John Treverton’s heart sank. Every one, even this unworldly old priest, looked upon the husband’s guilt as a matter of course. And, if his innocence should ever be put to the proof, how was he to prove it? It was much to have made this discovery about his first wife, and to know that his second marriage had been valid. He stood possessed of Jasper Treverton’s estate without a shadow of fraud. Although guilty in intention, he had been innocent in fact. But beyond this there remained that still darker peril, the possibility that he might have to stand in the dock, charged with La Chicot’s murder.

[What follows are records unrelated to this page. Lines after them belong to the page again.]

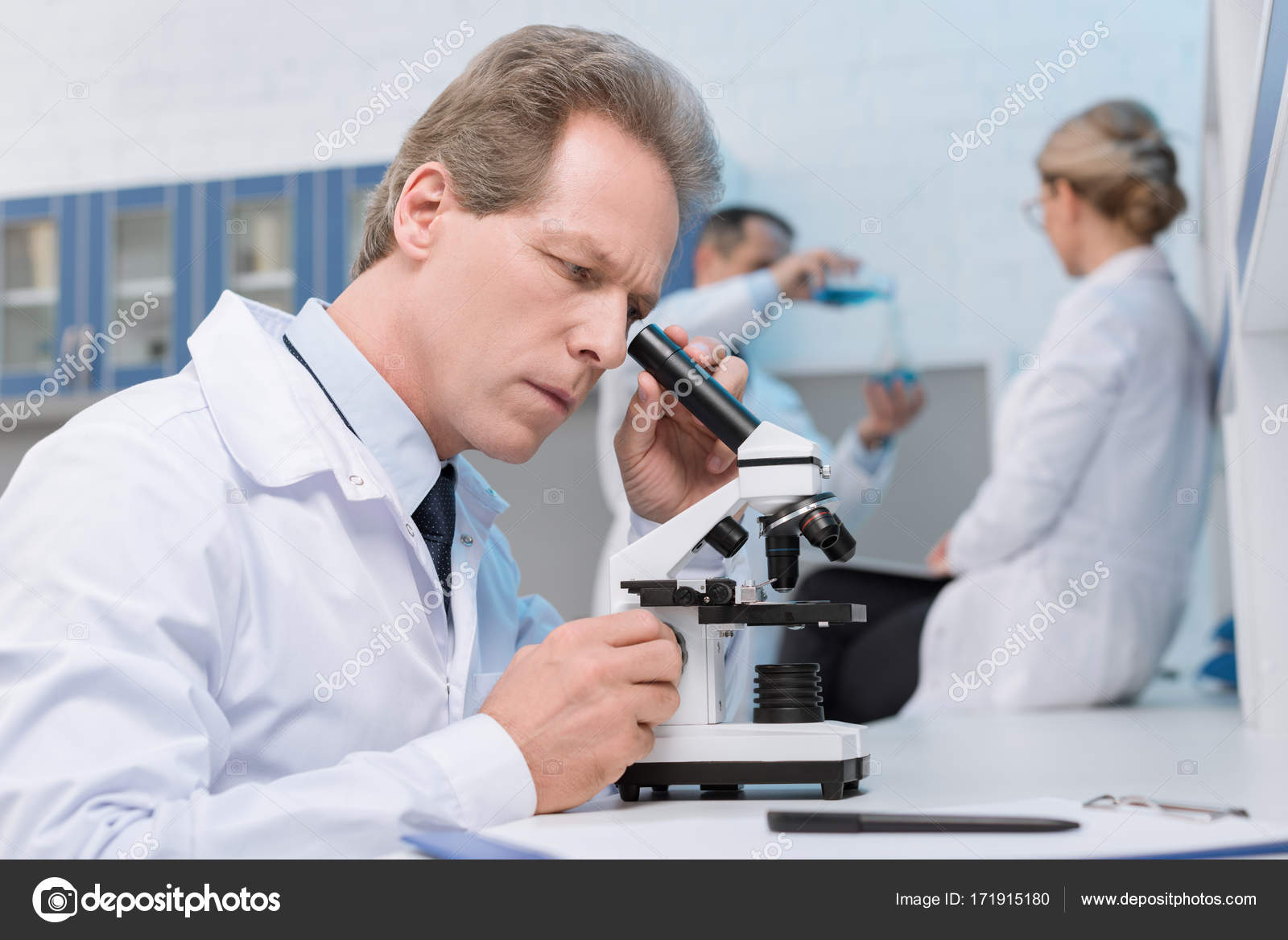 Scientist Working With Microscope Stock Photo Image By C Vitalikradko Scientist Working With Microscope Stock Photo Image By C Vitalikradko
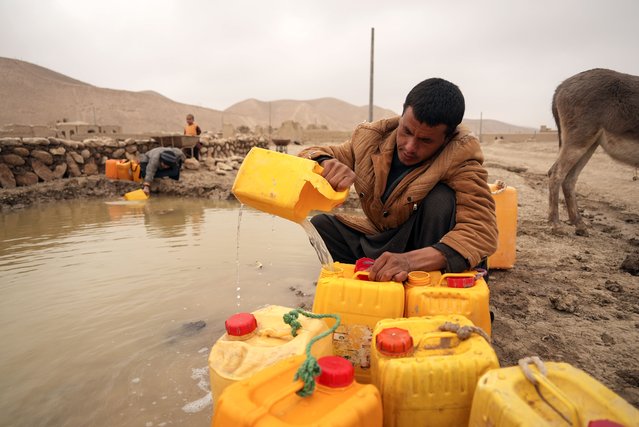 Afghan man fills oil canisters with water near the improvised dam, in Hachka, Afghanistan, Monday, December. 13, 2021. Severe drought has dramatically worsened the already desperate situation in Afghanistan forcing thousands of people to flee their homes and live in extreme poverty. Experts predict climate change is making such events even more severe and frequent. (Photo by Mstyslav Chernov/AP Photo)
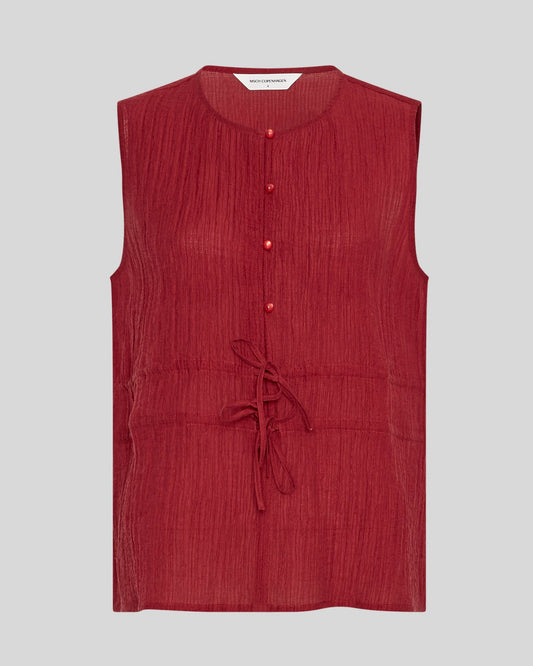 Red sleeveless blouse on a neutral background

The two priests helped to discuss a second bottle of Pomard, and then took their departure, after Father le Mescam had promised to introduce Mr. Treverton to a respectable notary, who would procure for him the legal evidence of Marie Pomellec’s marriage. While this was being done at Auray, John Treverton and his companion would travel without loss of time to Paris, and there search out the details of Jean Kergariou’s death and burial.

The appointment with the notary was made for nine o’clock next morning, so eager was John Treverton to push on the business.

‘Well,’ gasped Sampson, when the two priests had gone, ‘if ever a man played patience on a monument for a long winter evening, I think I am that individual. Now they’ve gone, perhaps you’ll tell me what that ridiculous old Jack-in-the-box, Father le Whatshisname, has been saying to you. I never saw an old fellow gesticulate in such a frantic way. If I hadn’t been bursting with curiosity, I should have rather enjoyed the performance, as a piece of dumb show.’